Collected material.
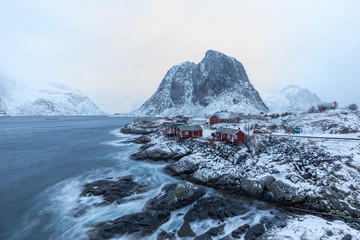 Beautiful traditional fishing red rorbuer huts in Hamnoy village during a storm. Lofoten Islands, Norway, Scandinavia.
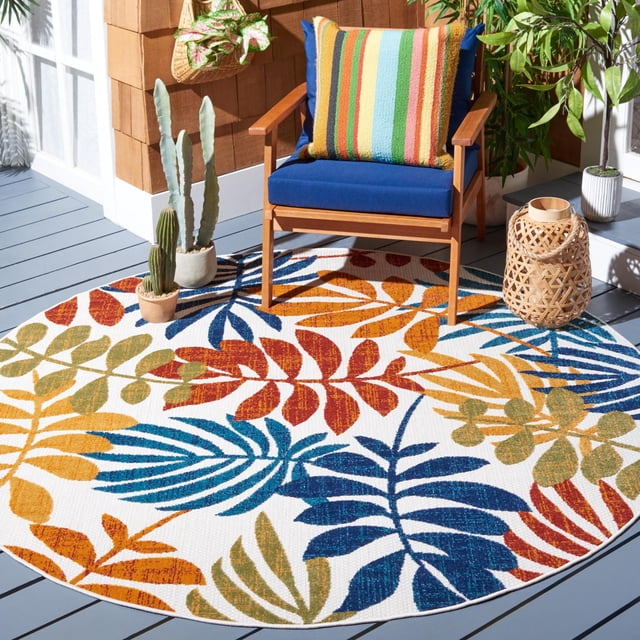 SAFAVIEH Cabana Elouise Floral Indoor/Outdoor Area Rug, round with multicolored leaf patterns in blue, orange, red, and green on white, placed on a gray deck floor with a wooden armchair with blue cushions and a striped pillow, surrounded by potted cacti, leafy plants, and a woven lantern, ideal for patios or sunrooms.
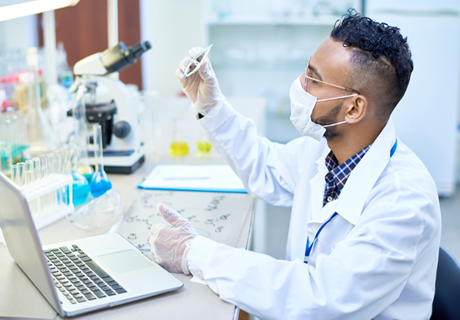 A male lab technician viewing a specimen and recording notes on a laptop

Problem to work on. Please restate all of the listing above word for word, with no pictures.

Answer to this task.
 Beautiful traditional fishing red rorbuer huts in Hamnoy village during a storm. Lofoten Islands, Norway, Scandinavia.
 SAFAVIEH Cabana Elouise Floral Indoor/Outdoor Area Rug, round with multicolored leaf patterns in blue, orange, red, and green on white, placed on a gray deck floor with a wooden armchair with blue cushions and a striped pillow, surrounded by potted cacti, leafy plants, and a woven lantern, ideal for patios or sunrooms.
 A male lab technician viewing a specimen and recording notes on a laptop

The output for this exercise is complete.